The price of crude oil has fallen on international markets on the strength of suggestions from Libya that it would step up its production. The news was enough to trigger the largest one day fall in the price of Brent crude oil seen in over two years with the price of a barrel of Brent plunging by 6.9% to stand at $73.4, a level last seen in the middle of June, but a level not sustained since March. The decline also affected US crude which dipped by five percent to £70.38 per barrel, the worst one-day fall it has seen in a year.
The Libyan National Oil Corporation announced that they would re-open four oil terminals that were taken off-line in late June, virtually closing down the nation’s output.
Oil prices rallied in Q2 with Brent crude rising by a shade over 18% during the quarter on the back of a two-month rally in global oil prices.

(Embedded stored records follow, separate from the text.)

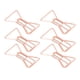thumbnail image 4 of 100 PCS Clips de papel Portátil Encantador Práctico Galvanoplastia Clip de papel de metal de oro rosa Caja Suministros de oficina Pajarita, 4 of 10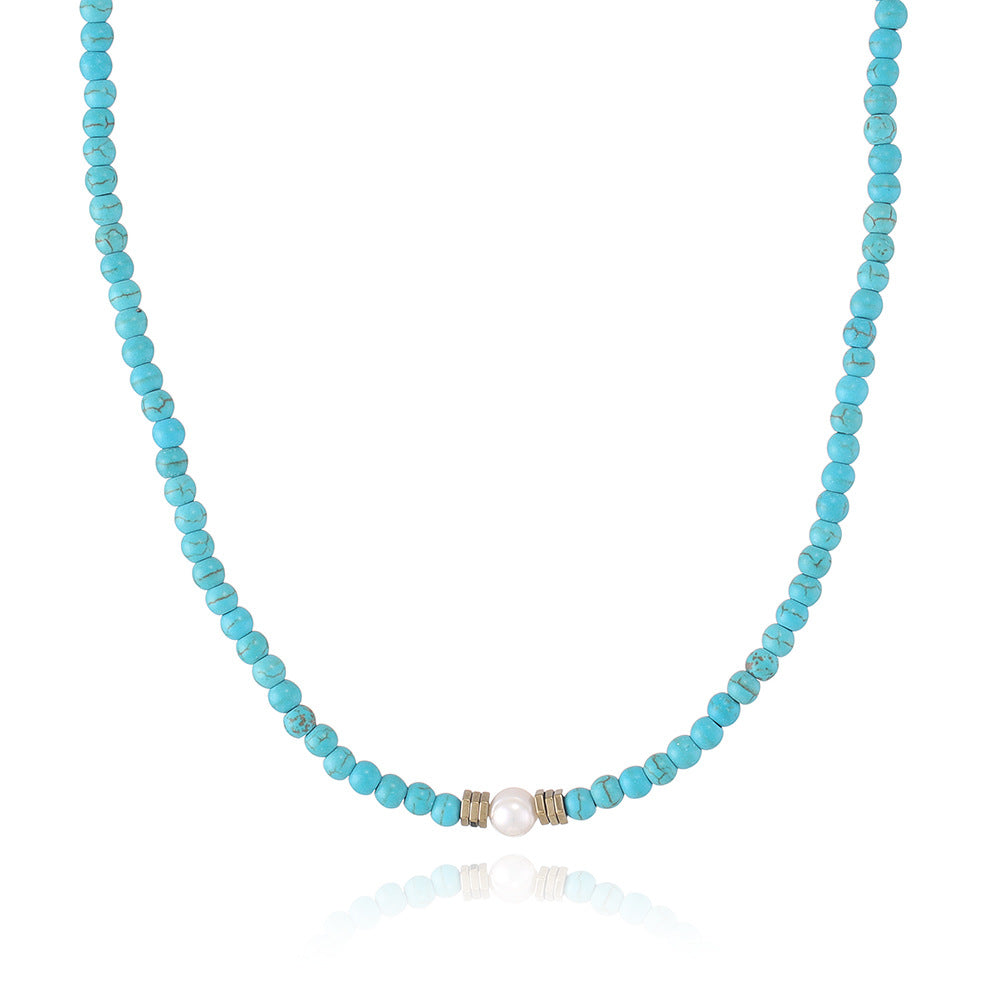 Bohemian Pinestone Necklace
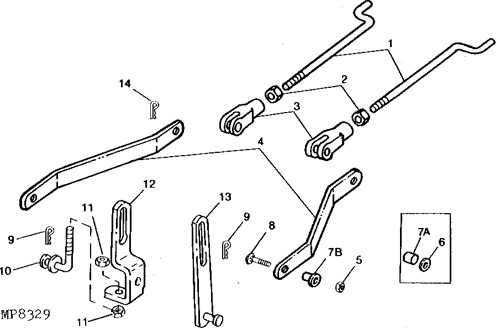 john deere 46 inch mower deck parts diagram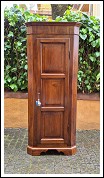 Angoliera cantonale antica lombarda in noce
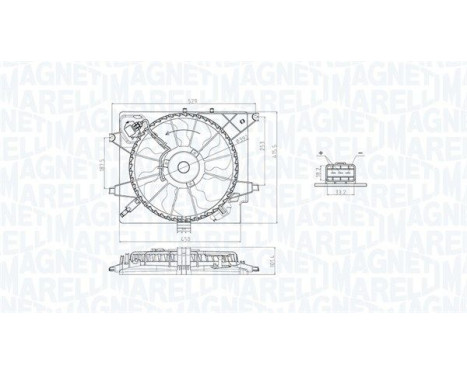 Cooling fan MTC789AX Magneti Marelli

The Libyan news reinforces market jitters that the global (or nearly) trade war the Trump administration is waging will hit demand, depressing the oil price which Trump had argued was too high anyway. The most recent raft of US trade tariffs, against China, are likely to put 10% on some $200 billion worth of products.
The recent rally in oil prices had pushed them to a two-year high. It had been subject to some fluctuation over concerns that the US would seek to re-impose sanctions on Iranian oil in the wake of the US decision to unilaterally withdraw from the international nuclear agreement with Iran designed to limit its supposed nuclear weapons ambitions. However, the US’s allies are keen to maintain the deal and have no intention (at the moment) of reinstating the sanctions.
The decline in the oil price happened despite the fact that the US stockpile of oil has been drawn down by 4% relative to their level last year at this time, equating to about 12 million barrels.